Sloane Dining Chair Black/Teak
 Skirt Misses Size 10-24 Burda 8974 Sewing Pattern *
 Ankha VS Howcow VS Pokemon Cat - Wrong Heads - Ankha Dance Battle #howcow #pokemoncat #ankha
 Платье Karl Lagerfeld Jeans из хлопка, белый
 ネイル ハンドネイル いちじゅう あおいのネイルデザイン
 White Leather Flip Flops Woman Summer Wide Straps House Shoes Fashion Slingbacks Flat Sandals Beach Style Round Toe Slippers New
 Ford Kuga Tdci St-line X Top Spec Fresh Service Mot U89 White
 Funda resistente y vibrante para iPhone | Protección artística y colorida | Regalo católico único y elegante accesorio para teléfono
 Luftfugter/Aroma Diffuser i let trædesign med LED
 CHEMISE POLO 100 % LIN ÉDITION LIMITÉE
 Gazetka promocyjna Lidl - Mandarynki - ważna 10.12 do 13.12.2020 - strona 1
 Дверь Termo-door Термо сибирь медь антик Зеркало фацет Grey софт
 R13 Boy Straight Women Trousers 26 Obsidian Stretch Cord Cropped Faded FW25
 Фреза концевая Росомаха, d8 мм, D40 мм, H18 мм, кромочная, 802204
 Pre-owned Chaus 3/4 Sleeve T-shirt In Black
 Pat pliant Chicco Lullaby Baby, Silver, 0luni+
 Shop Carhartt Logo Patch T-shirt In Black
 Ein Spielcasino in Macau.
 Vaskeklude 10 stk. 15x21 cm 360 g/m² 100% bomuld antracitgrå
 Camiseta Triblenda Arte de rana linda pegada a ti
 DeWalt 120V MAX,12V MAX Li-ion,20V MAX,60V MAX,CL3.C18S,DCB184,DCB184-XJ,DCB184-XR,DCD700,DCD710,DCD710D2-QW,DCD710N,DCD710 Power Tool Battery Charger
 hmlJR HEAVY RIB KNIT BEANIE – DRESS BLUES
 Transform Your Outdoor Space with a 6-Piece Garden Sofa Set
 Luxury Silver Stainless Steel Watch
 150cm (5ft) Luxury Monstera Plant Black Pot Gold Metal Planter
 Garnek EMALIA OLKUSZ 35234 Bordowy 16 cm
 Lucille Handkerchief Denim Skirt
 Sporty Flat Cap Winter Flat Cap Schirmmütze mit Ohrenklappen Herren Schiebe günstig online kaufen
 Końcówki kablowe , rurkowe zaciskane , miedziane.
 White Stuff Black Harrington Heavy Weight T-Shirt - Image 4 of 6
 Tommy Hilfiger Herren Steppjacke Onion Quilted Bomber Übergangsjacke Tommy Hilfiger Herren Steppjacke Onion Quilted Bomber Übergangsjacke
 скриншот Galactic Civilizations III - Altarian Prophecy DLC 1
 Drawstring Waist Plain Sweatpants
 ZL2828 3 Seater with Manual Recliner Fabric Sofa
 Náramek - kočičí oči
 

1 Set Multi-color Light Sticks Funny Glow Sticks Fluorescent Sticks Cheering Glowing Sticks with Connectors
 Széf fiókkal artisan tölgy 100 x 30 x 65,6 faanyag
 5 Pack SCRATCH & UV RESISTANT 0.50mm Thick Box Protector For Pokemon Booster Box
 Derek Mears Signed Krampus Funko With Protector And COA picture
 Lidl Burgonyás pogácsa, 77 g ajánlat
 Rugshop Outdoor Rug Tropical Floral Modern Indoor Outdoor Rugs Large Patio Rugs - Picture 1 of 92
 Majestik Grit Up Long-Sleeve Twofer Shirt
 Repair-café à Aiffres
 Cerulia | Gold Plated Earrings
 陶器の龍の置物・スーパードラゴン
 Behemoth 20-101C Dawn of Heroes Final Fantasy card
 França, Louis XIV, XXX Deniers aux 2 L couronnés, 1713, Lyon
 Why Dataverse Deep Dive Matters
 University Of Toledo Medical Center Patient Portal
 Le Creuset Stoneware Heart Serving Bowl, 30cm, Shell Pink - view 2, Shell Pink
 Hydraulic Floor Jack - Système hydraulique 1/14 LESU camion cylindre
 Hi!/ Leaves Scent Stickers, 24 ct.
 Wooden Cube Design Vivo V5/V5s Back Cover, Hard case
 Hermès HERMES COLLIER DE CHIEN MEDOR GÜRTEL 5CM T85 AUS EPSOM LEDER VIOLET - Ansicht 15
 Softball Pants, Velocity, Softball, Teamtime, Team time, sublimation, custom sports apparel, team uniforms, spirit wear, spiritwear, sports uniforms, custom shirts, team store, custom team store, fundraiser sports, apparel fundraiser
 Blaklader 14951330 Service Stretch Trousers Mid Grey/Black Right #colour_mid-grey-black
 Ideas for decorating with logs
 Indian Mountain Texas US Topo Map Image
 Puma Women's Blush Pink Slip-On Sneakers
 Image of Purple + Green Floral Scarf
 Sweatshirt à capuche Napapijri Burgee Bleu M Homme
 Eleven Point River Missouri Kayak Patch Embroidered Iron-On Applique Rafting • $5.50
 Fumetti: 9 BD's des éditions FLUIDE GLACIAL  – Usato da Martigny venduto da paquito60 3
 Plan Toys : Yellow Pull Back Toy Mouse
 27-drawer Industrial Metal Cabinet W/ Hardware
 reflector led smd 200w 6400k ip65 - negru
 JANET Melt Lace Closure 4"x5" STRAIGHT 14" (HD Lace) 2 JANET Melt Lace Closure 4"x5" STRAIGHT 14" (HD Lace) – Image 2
┄┄┄┄┄┄┄┄┄┄┄┄┄┄┄┄┄┄┄┄
Exercise directions >>
In the records above, find each line holding "Pokemon" and copy it.

Your response >>
 Ankha VS Howcow VS Pokemon Cat - Wrong Heads - Ankha Dance Battle #howcow #pokemoncat #ankha
 5 Pack SCRATCH & UV RESISTANT 0.50mm Thick Box Protector For Pokemon Booster Box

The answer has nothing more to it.